What if you realized he wasn’t worth loving?

“Ben?”

Your voice pulled him back.

He forced a grin. The same grin he’d worn for decades.

The mask.

“Sweetheart, you don’t wanna hear about that guy.”

You frowned.

“Why not?”

Because he hated that guy.

Because that guy wasn’t enough.

Because Soldier Boy only existed because Ben wasn’t worth keeping.

But he couldn’t say that.

So he shrugged.

“Trust me.”

You stared at him for a long moment. Then quietly said:

“I think I’d like him.”

Everything stopped.

The rain. The city. The noise in his head.

All of it.

You think you’d like him.

Not Soldier Boy. Not the hero. Not the celebrity. Not the legend.

Ben.

The man nobody had ever chosen.

The man nobody had ever wanted.

For the first time in years, Soldier Boy didn’t know what to say.

And that terrified him.

Because fighting enemies was easy. Explosions were easy. War was easy.

This?

Sitting across from a woman who might actually care about him?

Impossible.

That night he couldn’t sleep.

He sat alone in his apartment overlooking the city. Watching lights flicker in distant windows.

Thinking about you.

About the way you smiled. The way you looked at him. The way you never seemed impressed by Soldier Boy.

Only interested.

Interested in Ben.

The thought scared him more than any battle ever had.
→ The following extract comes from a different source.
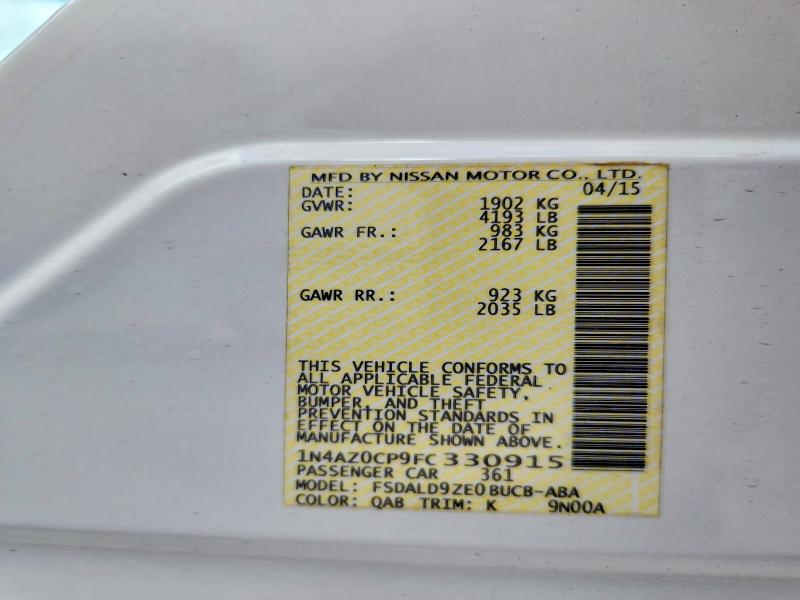 Продаж на аукціоні авто 2015 Nissan Leaf, vin: 1N4AZ0CP9FC330915, номер лоту: 64078236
Because suddenly he understood something.

He didn’t want you to love Soldier Boy.

He wanted you to love the man underneath.

And for someone like him… That was far more frightening.

Because if you rejected Soldier Boy, he’d survive. He always had.

But if you rejected Ben?

The lonely little boy still trapped inside the legend?

That might finally break him.

And sitting alone in the dark, Soldier Boy found himself wondering something he’d never dared ask before. Something small. Something vulnerable. Something painfully human.

Would you ever love someone like me?